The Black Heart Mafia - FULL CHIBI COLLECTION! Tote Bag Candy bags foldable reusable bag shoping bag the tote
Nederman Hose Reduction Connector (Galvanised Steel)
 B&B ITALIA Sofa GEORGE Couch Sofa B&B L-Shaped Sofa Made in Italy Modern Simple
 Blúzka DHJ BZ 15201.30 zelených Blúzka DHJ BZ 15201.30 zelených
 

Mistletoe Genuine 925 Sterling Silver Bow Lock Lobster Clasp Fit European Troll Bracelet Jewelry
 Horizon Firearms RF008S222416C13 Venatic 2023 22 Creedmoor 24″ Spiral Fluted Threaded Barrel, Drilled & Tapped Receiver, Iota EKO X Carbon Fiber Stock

DIRECTIONS: For this exercise, please copy exactly the lines from the one holding "Mistletoe Genuine 925" through the end of the records, the first and last included.

THE ANSWER:
Mistletoe Genuine 925 Sterling Silver Bow Lock Lobster Clasp Fit European Troll Bracelet Jewelry
 Horizon Firearms RF008S222416C13 Venatic 2023 22 Creedmoor 24″ Spiral Fluted Threaded Barrel, Drilled & Tapped Receiver, Iota EKO X Carbon Fiber Stock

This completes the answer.